(Records from a dataset)
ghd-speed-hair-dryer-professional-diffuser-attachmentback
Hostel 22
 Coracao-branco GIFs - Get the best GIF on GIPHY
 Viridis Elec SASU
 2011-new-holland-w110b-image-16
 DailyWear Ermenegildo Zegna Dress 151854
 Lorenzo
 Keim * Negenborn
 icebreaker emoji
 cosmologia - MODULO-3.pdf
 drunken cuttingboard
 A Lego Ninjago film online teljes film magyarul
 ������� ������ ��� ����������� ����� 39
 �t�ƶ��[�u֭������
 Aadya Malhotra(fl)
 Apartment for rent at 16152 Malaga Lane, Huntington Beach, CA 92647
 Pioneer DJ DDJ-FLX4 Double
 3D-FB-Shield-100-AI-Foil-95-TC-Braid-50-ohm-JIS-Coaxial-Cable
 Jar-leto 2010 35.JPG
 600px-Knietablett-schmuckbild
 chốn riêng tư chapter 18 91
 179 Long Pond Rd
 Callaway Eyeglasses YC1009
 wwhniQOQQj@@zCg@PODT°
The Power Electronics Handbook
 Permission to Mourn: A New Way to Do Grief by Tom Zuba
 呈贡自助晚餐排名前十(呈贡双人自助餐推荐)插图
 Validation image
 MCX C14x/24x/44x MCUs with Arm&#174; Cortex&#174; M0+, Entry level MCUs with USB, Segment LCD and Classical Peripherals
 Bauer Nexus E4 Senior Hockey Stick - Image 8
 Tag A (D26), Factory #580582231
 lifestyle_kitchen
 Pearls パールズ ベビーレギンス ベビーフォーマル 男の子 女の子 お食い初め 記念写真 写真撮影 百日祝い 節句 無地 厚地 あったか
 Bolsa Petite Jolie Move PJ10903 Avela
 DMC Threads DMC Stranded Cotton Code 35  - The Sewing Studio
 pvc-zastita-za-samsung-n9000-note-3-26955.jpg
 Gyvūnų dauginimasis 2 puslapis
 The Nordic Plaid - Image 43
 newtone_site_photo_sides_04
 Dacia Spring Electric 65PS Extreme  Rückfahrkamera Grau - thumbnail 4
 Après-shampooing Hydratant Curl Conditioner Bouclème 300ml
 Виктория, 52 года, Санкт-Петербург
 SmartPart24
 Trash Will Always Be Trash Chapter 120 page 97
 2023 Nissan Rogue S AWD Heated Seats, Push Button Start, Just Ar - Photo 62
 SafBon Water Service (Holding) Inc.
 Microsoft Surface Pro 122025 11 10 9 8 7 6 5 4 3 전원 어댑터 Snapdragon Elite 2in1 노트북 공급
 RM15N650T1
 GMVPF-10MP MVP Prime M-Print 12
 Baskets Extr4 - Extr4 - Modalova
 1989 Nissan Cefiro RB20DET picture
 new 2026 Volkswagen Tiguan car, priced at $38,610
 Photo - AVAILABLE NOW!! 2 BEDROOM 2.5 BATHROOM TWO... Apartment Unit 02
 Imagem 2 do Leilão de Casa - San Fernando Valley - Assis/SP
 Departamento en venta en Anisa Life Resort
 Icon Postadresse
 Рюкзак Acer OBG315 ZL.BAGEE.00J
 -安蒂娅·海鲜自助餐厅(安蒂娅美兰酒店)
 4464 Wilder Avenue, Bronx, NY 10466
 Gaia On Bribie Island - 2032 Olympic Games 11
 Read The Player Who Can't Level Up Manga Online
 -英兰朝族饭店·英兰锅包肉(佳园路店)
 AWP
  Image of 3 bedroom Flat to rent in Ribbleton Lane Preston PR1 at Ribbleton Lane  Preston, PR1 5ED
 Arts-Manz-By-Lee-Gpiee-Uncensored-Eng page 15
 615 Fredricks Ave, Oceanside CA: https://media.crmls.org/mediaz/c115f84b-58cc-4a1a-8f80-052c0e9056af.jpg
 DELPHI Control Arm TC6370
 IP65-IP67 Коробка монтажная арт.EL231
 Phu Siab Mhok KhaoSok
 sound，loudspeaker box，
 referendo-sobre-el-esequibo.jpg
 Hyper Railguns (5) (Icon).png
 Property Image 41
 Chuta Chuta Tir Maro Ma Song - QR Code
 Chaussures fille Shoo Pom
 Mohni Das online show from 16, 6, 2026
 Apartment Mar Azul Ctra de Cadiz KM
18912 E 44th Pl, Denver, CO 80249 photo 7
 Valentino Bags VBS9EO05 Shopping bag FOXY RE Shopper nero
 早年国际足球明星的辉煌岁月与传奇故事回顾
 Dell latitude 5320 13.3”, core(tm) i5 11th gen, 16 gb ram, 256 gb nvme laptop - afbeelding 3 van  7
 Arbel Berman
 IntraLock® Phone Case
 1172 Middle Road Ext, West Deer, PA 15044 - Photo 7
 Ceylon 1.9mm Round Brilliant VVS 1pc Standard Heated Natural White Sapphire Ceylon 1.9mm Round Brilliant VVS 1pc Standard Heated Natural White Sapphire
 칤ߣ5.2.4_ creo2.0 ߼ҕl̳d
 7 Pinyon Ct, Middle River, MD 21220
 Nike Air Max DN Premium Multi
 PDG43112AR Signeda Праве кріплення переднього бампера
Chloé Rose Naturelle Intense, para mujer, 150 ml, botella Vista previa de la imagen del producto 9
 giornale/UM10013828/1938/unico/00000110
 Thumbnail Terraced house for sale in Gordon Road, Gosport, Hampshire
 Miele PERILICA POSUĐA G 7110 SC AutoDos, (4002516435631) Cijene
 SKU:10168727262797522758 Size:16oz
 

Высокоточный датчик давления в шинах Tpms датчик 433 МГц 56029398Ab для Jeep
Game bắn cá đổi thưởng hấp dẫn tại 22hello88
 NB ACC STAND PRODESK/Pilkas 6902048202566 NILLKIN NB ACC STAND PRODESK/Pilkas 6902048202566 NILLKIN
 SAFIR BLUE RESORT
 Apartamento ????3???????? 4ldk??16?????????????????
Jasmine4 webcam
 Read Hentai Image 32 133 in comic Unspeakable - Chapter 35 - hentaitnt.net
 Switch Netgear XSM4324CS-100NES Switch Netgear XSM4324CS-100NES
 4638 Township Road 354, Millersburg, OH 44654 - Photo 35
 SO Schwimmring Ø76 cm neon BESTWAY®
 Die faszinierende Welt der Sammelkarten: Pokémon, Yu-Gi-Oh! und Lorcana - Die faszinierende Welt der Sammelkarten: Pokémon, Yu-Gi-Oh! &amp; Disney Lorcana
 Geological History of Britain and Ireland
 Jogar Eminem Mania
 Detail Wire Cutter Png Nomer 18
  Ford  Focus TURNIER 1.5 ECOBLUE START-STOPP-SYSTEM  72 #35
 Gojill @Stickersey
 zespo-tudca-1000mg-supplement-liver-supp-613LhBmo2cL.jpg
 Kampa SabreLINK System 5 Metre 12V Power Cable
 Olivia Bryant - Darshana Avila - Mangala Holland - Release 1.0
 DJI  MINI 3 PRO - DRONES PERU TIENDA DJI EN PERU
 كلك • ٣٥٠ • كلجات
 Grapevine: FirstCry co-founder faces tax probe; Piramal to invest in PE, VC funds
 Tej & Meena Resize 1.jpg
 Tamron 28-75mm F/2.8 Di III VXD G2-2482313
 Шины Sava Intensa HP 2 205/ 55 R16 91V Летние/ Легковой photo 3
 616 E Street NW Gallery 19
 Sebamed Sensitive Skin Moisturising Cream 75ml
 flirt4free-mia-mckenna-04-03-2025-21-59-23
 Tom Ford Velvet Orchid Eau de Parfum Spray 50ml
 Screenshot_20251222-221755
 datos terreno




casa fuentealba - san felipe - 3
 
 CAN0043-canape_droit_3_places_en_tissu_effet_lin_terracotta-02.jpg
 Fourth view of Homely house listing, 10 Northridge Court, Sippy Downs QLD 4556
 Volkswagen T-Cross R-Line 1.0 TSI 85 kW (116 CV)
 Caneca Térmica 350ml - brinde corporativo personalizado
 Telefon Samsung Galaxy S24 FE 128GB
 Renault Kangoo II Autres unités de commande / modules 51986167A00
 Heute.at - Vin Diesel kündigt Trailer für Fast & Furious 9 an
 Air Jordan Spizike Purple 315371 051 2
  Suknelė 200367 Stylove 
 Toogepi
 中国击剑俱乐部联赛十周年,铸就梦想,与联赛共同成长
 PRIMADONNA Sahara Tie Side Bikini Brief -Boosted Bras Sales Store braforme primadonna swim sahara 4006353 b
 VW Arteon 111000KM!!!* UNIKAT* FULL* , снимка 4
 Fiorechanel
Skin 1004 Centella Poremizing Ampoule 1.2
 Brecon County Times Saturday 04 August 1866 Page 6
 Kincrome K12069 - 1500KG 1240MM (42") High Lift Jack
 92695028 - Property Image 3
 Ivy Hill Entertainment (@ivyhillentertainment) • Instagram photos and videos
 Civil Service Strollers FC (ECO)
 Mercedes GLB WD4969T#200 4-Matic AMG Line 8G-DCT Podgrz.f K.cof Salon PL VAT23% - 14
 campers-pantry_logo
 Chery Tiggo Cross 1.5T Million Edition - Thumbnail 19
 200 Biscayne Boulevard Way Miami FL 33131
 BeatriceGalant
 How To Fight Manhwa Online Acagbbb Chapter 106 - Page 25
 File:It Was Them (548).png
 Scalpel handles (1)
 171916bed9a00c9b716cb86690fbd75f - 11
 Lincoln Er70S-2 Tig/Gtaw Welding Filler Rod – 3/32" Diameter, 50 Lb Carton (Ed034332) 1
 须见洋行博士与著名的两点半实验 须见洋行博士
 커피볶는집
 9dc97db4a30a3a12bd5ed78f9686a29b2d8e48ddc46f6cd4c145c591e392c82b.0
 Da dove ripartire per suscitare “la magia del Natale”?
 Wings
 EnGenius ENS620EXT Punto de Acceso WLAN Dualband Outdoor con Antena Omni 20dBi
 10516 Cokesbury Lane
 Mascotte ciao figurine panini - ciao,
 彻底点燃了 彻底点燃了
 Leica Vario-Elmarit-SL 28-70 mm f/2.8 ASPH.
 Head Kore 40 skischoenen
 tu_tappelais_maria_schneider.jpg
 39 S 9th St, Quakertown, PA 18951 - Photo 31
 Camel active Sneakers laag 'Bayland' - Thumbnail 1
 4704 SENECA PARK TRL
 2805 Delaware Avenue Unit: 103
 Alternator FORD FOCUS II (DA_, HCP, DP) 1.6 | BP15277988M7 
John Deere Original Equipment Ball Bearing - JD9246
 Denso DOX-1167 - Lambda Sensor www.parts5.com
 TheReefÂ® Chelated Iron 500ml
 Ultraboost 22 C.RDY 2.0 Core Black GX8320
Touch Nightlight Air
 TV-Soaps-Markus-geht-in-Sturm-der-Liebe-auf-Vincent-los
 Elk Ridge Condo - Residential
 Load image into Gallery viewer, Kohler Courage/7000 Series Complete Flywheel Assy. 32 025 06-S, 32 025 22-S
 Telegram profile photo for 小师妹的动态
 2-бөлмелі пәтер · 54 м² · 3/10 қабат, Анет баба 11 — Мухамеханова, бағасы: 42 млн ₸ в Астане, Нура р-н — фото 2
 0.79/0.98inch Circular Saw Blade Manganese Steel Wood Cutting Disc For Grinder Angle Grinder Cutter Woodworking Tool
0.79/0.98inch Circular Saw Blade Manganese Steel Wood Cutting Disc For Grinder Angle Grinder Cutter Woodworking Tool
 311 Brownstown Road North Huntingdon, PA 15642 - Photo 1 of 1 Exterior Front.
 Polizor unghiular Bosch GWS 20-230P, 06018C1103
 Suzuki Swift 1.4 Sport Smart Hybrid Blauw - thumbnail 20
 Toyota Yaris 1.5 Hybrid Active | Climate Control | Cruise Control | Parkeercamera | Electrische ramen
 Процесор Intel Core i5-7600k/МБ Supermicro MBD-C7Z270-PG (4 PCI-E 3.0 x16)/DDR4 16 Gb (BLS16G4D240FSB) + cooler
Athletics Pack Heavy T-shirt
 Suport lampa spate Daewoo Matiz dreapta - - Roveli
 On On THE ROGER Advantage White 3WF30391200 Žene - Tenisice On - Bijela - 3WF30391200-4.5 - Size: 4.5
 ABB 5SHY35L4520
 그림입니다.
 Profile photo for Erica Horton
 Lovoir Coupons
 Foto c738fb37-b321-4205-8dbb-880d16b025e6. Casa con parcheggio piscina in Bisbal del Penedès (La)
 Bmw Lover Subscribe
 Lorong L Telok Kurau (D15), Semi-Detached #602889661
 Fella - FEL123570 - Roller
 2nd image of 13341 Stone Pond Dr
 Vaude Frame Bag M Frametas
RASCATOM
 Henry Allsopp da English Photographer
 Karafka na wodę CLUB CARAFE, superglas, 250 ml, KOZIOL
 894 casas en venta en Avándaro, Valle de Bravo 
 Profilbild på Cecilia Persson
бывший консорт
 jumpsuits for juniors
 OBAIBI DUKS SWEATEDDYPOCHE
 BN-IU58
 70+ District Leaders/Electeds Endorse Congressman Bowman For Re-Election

- **Task**:
What is needed is an exact copy of the entries from their first line down to the line with "3D-FB-Shield-100-AI-Foil-95-TC-Braid-50-ohm-JIS-Coaxial-Cable", that line included, and nothing beyond it.

- **Solved problem**:
ghd-speed-hair-dryer-professional-diffuser-attachmentback
Hostel 22
 Coracao-branco GIFs - Get the best GIF on GIPHY
 Viridis Elec SASU
 2011-new-holland-w110b-image-16
 DailyWear Ermenegildo Zegna Dress 151854
 Lorenzo
 Keim * Negenborn
 icebreaker emoji
 cosmologia - MODULO-3.pdf
 drunken cuttingboard
 A Lego Ninjago film online teljes film magyarul
 ������� ������ ��� ����������� ����� 39
 �t�ƶ��[�u֭������
 Aadya Malhotra(fl)
 Apartment for rent at 16152 Malaga Lane, Huntington Beach, CA 92647
 Pioneer DJ DDJ-FLX4 Double
 3D-FB-Shield-100-AI-Foil-95-TC-Braid-50-ohm-JIS-Coaxial-Cable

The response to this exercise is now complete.